Once upon a time, magazines, newspapers and TV channels were the marketplaces where brands could reach, inform and persuade consumers. While those channels are still legitimate avenues for marketing messages, the rapidly changing and increasingly fragmented media landscape has created a huge opportunity for brands to engage their customers directly and cost-effectively by adopting a publishing model.
As part of Social Media Week (disclosure: MWW Group is a sponsor), I had the honour of participating on the panel, “Brands as Publishers: From 360 Degrees to 365 Days of Engagement.” It was a lively discussion with fellow panelists Colin Drummon, Senior Partner and Head of Planning at Ogilvy West (@colindrummond), and Dan Burrier, Chief Innovation Officer of Ogilvy & Mather (@dburrier), on the changing role of the agency in a “Brand as Publisher” model. Here are just a few of the questions and points raised.
How did traditional PR prepare agencies for the publishing model? PR professionals were already hard-wired to move and react at high-speed while thinking long term. A typical day would find us waking up in the morning, scouring the news for any signs of crisis and monitoring the day’s hottest stories and themes in order to keep our pitches relevant. At the same time, we would maintain an eye toward each client’s long-term positing goals, focusing on ensuring that the daily work executed on their behalf was, in fact, driving us to those strategic objectives.
The new media landscape doesn’t really change that. We simply needed to speed up our monitoring and storytelling schedule, and instead of thinking on a day-to-day basis, we’re now on a minute-to-minute timetable. Of course, increased media fragmentation required an expansion of the types of communications channels we work with. As simplistic as it may sound, this is a good example as to why the shift to a more social mediascape has been a fairly natural evolution for PR professionals.
How do you deal with the large volume of content out there? A large volume of content should be perceived as an opportunity, not a challenge. The challenge would be having only a small volume of high-quality content. Instead, we have a large volume of low-quality, irrelevant content. How we can derive opportunity is by quickly cutting through the clutter. We need to locate the right audience with relevant, discussion-worthy content where the brand can be put in the right context.

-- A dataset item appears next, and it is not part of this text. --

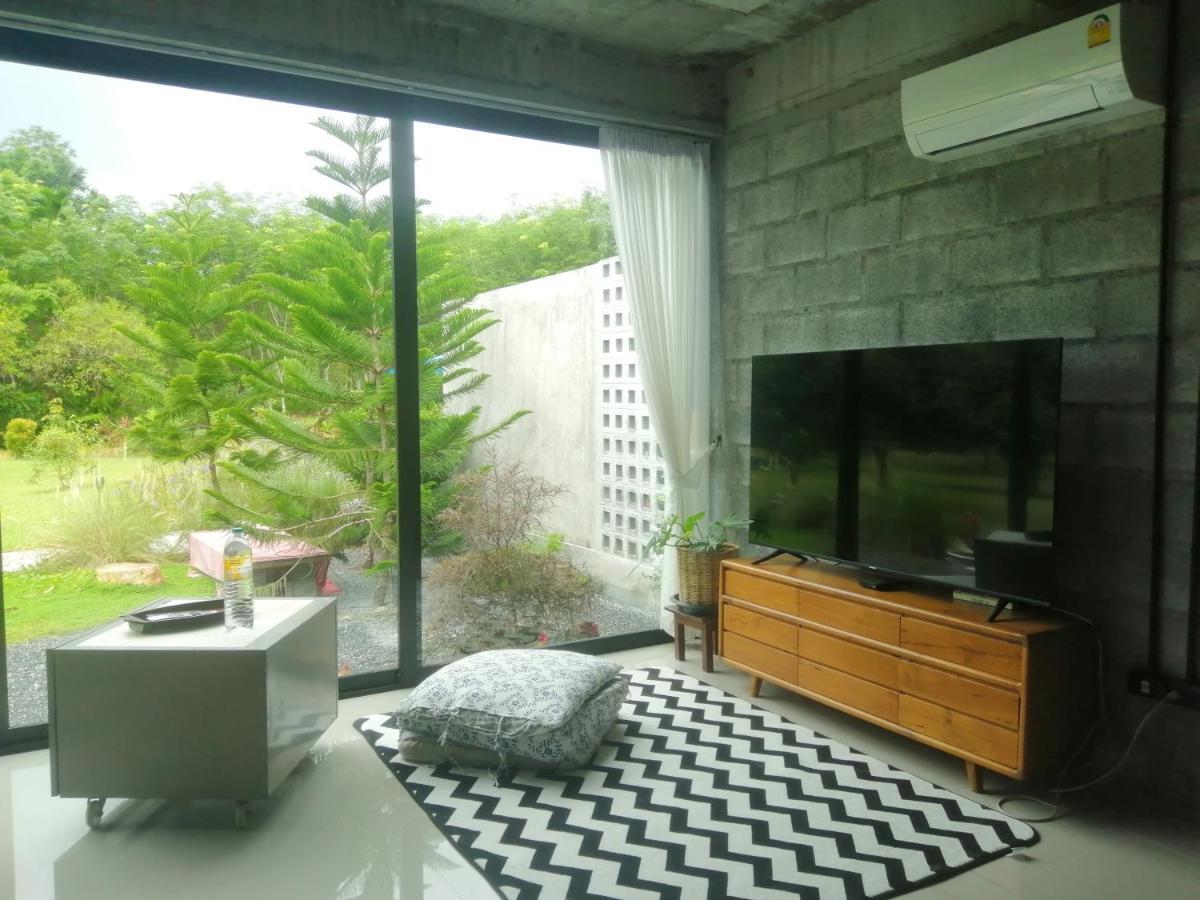 Apartmán The Box Promkiri Nakhon Si Thammarat Exteriér fotografie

How do you own topics? How do you win in this area? The key to the “Brand as Publisher” model is relevance. Having the most content around a topic does not win. Having the most relevant, discussion-worthy content does. This means content should having not only have meaning to both the brand and the audience in the long term, but it should also matter to the audience on a day-to-day basis. And it’s about quality, not quantity. If it’s the right content in the right media at the right time, the right conversation will then take over. And by “right content,” we mean interesting content – that can be anything from research findings to new product information or even your latest commercial. “Right content” must also hold up to scrutiny. Our PR teams always make sure our messages are backed up by verifiable facts and figures. Get caught fibbing and the brand is toast.
What skill sets are needed by professionals on these publishing-oriented teams? They need to be a jack of all trades, yet a master of one – meaning all team members must have a good understanding of the broad ecosystem, while each has one main area of expertise Essentially, all team members need to have a solid understanding about how newsrooms function, how content management systems work and how algorithms place content (such as in search engines). At the same time, they need to understand how consumers communicate both on and offline as well as how journalists choose which stories to write. Additionally, they need to be able to help create text, image and video-based content or manage creative teams while also grasping the basics of areas such as rights management. And they need to do all these things while keeping their eyes on the long-term strategic goals of the brand. Each individual team member must still maintain mastery over that one “trade” that defines their role on the team – such as being the media relations person, the copyrighter, the social media advocate, the events manager, the creative director and so on.